KnigaRead.com/

Альбер Камю - Избранное

На нашем сайте KnigaRead.com Вы можете абсолютно бесплатно читать книгу онлайн Альбер Камю, "Избранное" бесплатно, без регистрации.
Перейти на страницу:

И еще я не мог не признать, что прежде у меня были обо всем этом ложные понятия. Я долго думал, сам не зная почему, что гильотина стоит на эшафоте и к ней надо подниматься по ступенькам. Наверно, это из-за революции 1789 года, то есть так меня учили в школе и так рисуют на картинках. Но однажды утром я вспомнил фотографию, которую поместили газеты в связи с одной нашумевшей казнью. Никакого помоста нет, машина стоит просто-напросто на земле. И она совсем не такая широкая, как мне представлялось. Забавно, что я не знал этого раньше. Механизм на снимке поражал своей законченностью, словно блестящий, безукоризненно точный инструмент. Чего не знаешь, то всегда преувеличиваешь. А теперь, напротив, я убеждаюсь, что все очень просто: машина стоит на одной плоскости с идущим к ней человеком. К ней подходишь, как к знакомому на улице. В каком-то смысле это тоже досадно. Взойти на эшафот, подняться к небу — тут есть за что ухватиться воображению. А здесь все подавляет некая механика — убивают тихо и скромно, чуть пристыженно и очень аккуратно.

Еще две неотвязные мысли преследовали меня: рассвет и просьба о помиловании.
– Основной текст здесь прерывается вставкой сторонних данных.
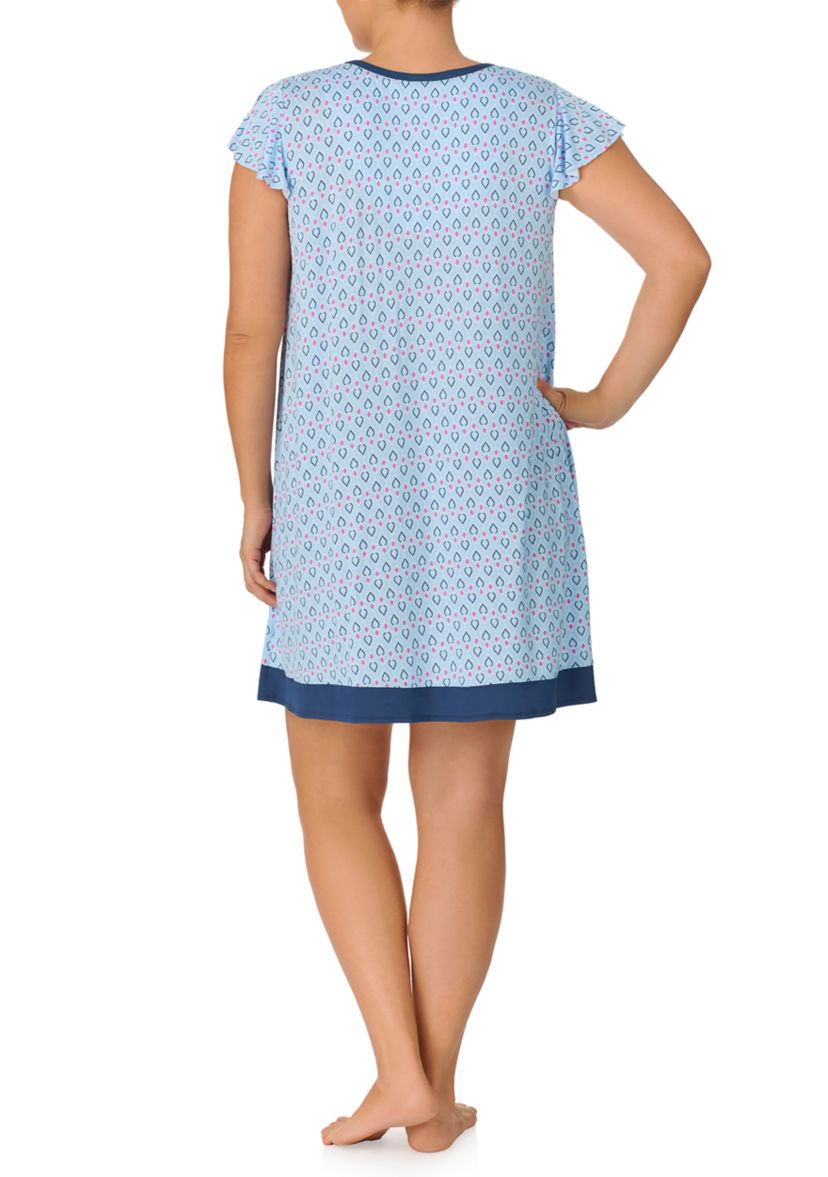 Plus Size Short Sleeve Chemise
Однако я сдерживал себя и старался про это не думать. Растягивался на койке, смотрел в небо и заставлял себя сосредоточиться. Небо стало зеленое — значит, уже вечереет. Я делал над собой еще усилие: надо думать о чем-то другом. Прислушивался к своему сердцу. Никак не удавалось представить себе, что этот стук, неразлучный со мною с незапамятных времен, вдруг оборвется. Я никогда не отличался живым воображением. И все же пробовал вообразить такую секунду, когда биение сердца уже не будет отдаваться в висках. Но зря я старался. Опять и опять на ум приходили рассвет или помилование. Под конец я решил — нет смысла себя принуждать.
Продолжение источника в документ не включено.